Reflexo
Ela se olhou no espelho recém-lustrado. Uma vez que o estimado objeto encontrava-se livre de manchas e de qualquer indício de poeira, a garota de olhos escuros e cabelos desgrenhados podia enxergar claramente todas as imperfeições de sua face cansada. Olheiras profundas, olhos inchados e opacos, uma pele áspera e mais pálida do que o normal.
Ficou encarando o reflexo de alguém que já teve o brilho e o frescor juvenil. De alguém que já havia se olhado naquele espelho centenas de vezes antes e que, ao invés daquela criatura amarga e deprimida, contemplara o semblante da alegria. Mas, agora, sentia-se velha. A postura curvada e a expressão infeliz faziam-na parecer ter mil anos de vida. Mas tinha dezessete. E da vida, ainda não sabia nada. Entretanto, agia como se tivesse sofrido tantas desilusões e cometidos tantos erros que já não pudesse mais suportar a si mesma.

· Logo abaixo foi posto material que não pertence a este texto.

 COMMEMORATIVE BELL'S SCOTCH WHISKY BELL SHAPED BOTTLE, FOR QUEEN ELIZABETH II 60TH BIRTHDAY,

Havia tantos dramas, tantas complicações, mas ao mesmo tempo, tantas ferramentas que prometiam facilitar ainda mais a vida de todos e fazê-los mais felizes. Podia-se adicionar "amigos", podia-se ter milhões deles. Números, ah, quantos números. Eles tomaram conta de sua vida. Já pessoas, conhecia poucas delas. E no momento nem sabia dizer em quais confiava.
A roupa que ela usava geralmente a definia mais do que seu caráter. Ela odiava não ter certeza de quem era, do que queria, para onde iria, embora certas coisas só se descobrissem ao longo da vida. Muitas pessoas só sabiam falar delas mesmas, porque tinham a constante necessidade de se provar para todos. Isso a deixava tonta, como se estivesse perdida no meio de uma intensa neblina. Mas será que não estavam todos tão perdidos quanto ela? Tais como pequenos insetos vagando em busca de uma fonte de luz?

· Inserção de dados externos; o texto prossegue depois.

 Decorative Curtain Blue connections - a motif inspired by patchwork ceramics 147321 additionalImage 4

Num gesto robotizado, apanhou um batom de embalagem reluzente e pôs-se a deslizá-lo por sobre os lábios, até que eles ficassem cobertos por um vívido cor-de-rosa. Em seguida, o rímel. Passou várias camadas, que a deixaram com longos cílios de boneca. Quanto à pele, deu início a uma série de aplicações, corretivo, base, pó. Um toque de cor nas bochechas, cerdas macias de um pincel roçando suavemente seu rosto. Arrumou o cabelo, uma operação que lhe custou mais alguns longos minutos e, por fim, analisou o trabalho feito.

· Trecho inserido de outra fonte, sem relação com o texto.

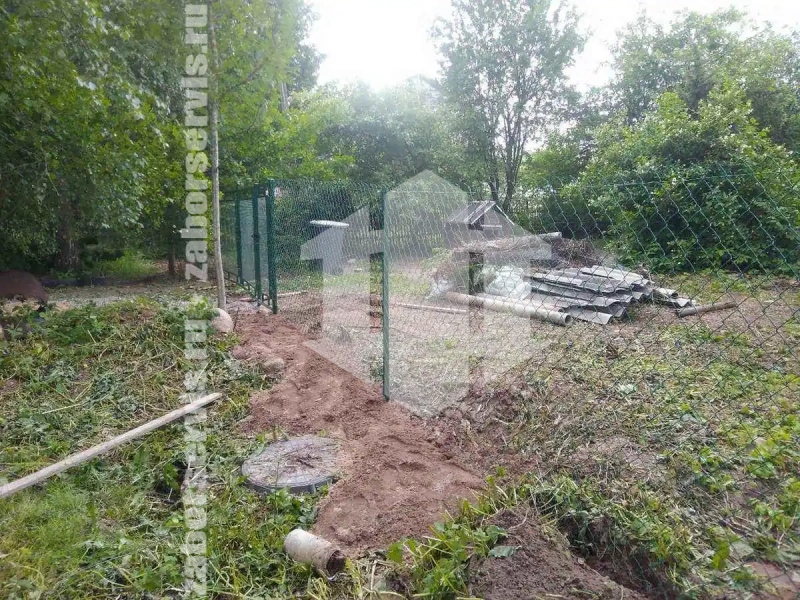 Забор из сетки рабицы с проволокой 91 метр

Estava pronta. Colocara sua máscara, sua armadura. Sentia-se segura assim. Era difícil ler sua expressão, olhar nos seus olhos bem maquiados e conseguir identificar toda a solidão por trás deles. Não se podia apontar o dedo e julgar aquilo que já estava tão bem escondido. Para todos que a vissem, ela seria apenas uma garota bonita, pensando no que seus amigos fariam mais tarde, preocupada com seu desempenho em matemática ou talvez com os problemas em casa. Tudo parecia simples para quem olhava de fora.
Ela sabia do vazio que sentia por dentro toda noite antes de dormir, da súbita vontade de viver que às vezes invadia seu estado melancólico, mas que não se prolongava, pelo contrário, desaparecia com a mesma rapidez com que surgira.
Confusão, confusão dominava seus pensamentos e se entranhava em seu peito angustiado; descia impiedosamente por seus membros e deixava seu corpo adormecido, embora estivesse de pé e em boa aparência. Dizem que se você precisar de uma mão, irá encontrá-la na extremidade do seu braço. Mas ela não queria acreditar nisso. Não, era tão triste acreditar nisso. Queria apoio, um amigo. No fim das contas, ela só procurava por um amigo que pudesse fazê-la se sentir forte.